Records excerpted from a collection:
^^^^^^^^^^^^^^^^

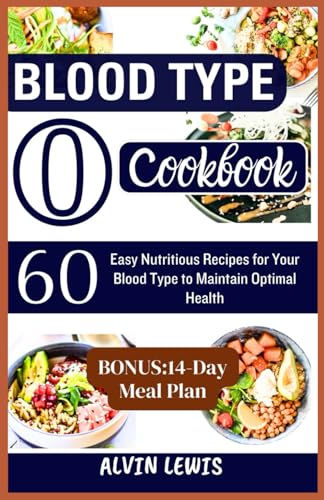 LEWIS - Blood Type O Cookbook: 60 Easy Nutritious Recipes for Your Blo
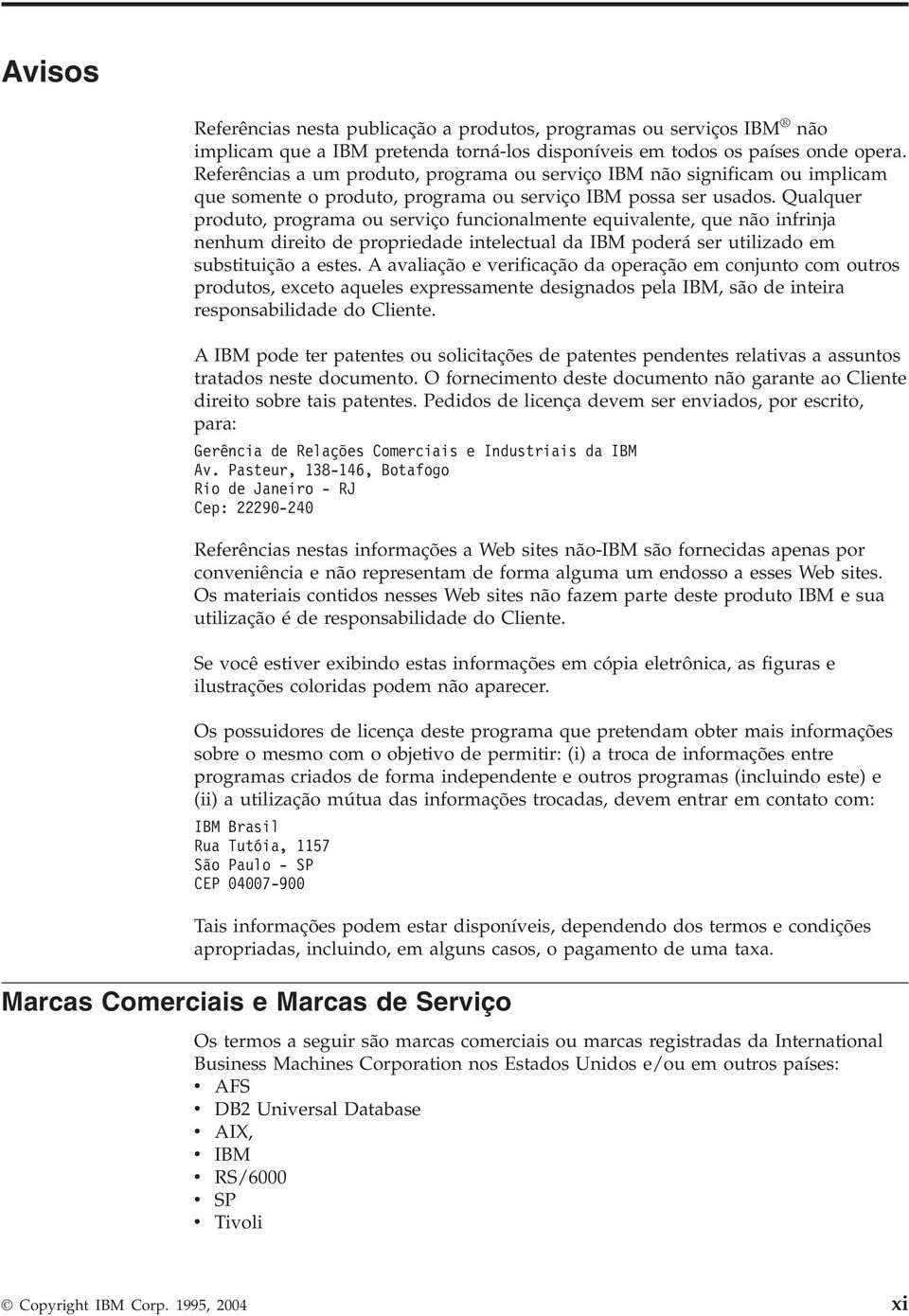 Qualquer produto, programa ou seriço funcionalmente equialente, que não infrinja nenhum direito de propriedade intelectual da IBM poderá ser utilizado em substituição a estes.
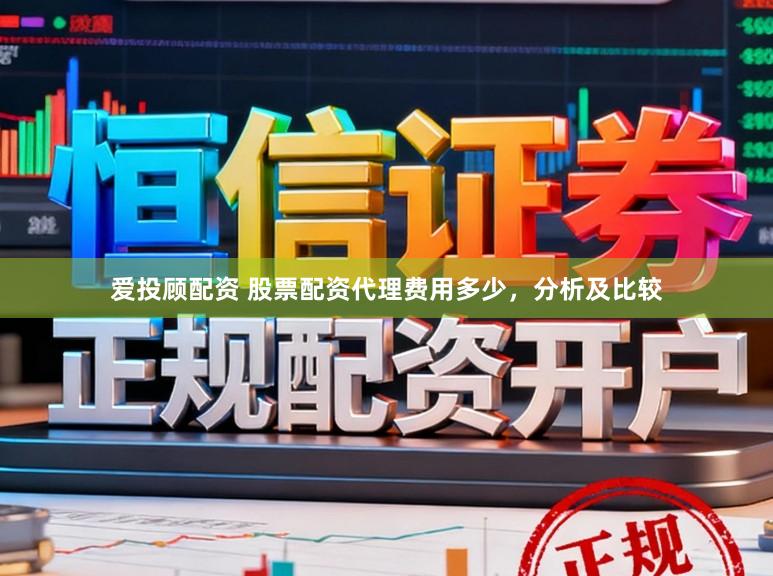 爱投顾配资 股票配资代理费用多少，分析及比较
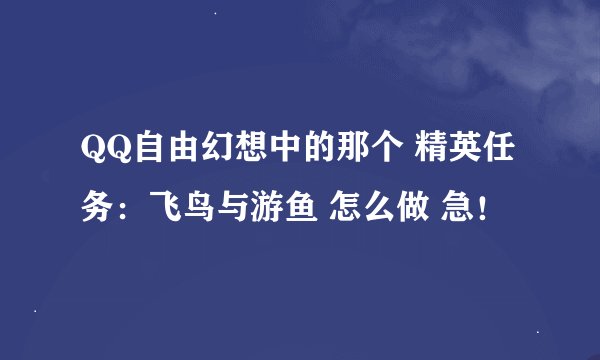 QQ自由幻想中的那个 精英任务：飞鸟与游鱼 怎么做 急！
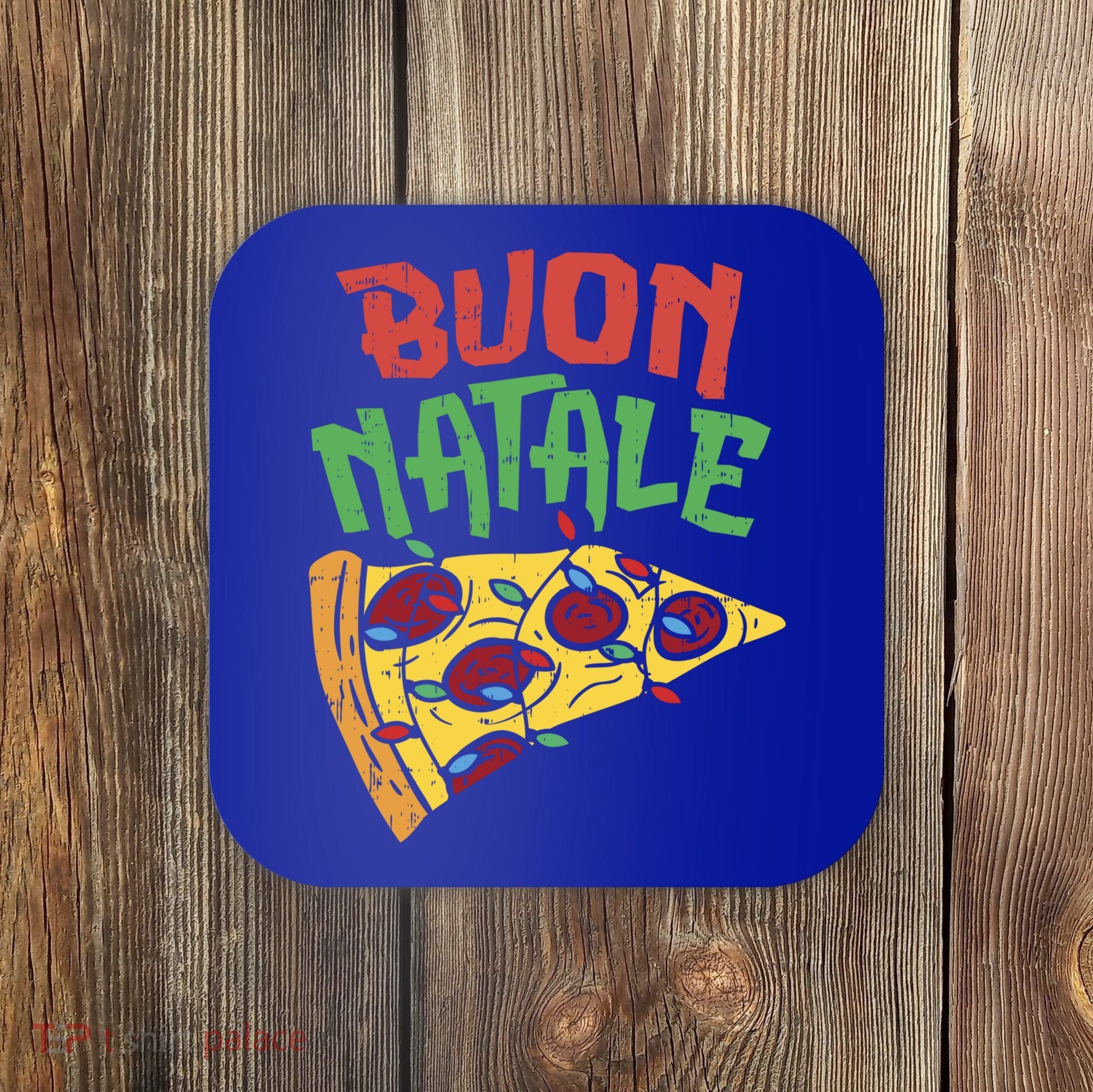 Buon Natale Pizza Funny Italian Christmas Lights Gift Cute Gift Coaster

^^^^^^^^^^^^^^^^

TASK:
Hand back the data above exactly, leaving out all pictures.

WRITTEN REPLY:
 LEWIS - Blood Type O Cookbook: 60 Easy Nutritious Recipes for Your Blo
 Qualquer produto, programa ou seriço funcionalmente equialente, que não infrinja nenhum direito de propriedade intelectual da IBM poderá ser utilizado em substituição a estes.
 爱投顾配资 股票配资代理费用多少，分析及比较
 QQ自由幻想中的那个 精英任务：飞鸟与游鱼 怎么做 急！
 Buon Natale Pizza Funny Italian Christmas Lights Gift Cute Gift Coaster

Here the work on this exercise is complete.